◆ Task to carry out: Filter the data below for the string "wearing" and copy each matching line.
Segment Start: Supplied data
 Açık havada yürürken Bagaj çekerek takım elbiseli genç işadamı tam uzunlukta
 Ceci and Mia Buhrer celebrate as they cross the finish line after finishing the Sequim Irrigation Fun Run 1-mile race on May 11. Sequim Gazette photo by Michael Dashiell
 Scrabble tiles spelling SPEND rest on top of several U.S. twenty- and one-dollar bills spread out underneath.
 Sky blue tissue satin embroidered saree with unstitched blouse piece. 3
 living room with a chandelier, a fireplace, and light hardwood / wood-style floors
Segment End: Supplied data
Segment Start: Supplied data
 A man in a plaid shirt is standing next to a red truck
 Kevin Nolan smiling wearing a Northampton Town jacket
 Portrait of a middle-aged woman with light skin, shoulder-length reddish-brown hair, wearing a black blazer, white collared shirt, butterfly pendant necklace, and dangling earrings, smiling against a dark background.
Segment End: Supplied data
◆ Answer below:
 Kevin Nolan smiling wearing a Northampton Town jacket
 Portrait of a middle-aged woman with light skin, shoulder-length reddish-brown hair, wearing a black blazer, white collared shirt, butterfly pendant necklace, and dangling earrings, smiling against a dark background.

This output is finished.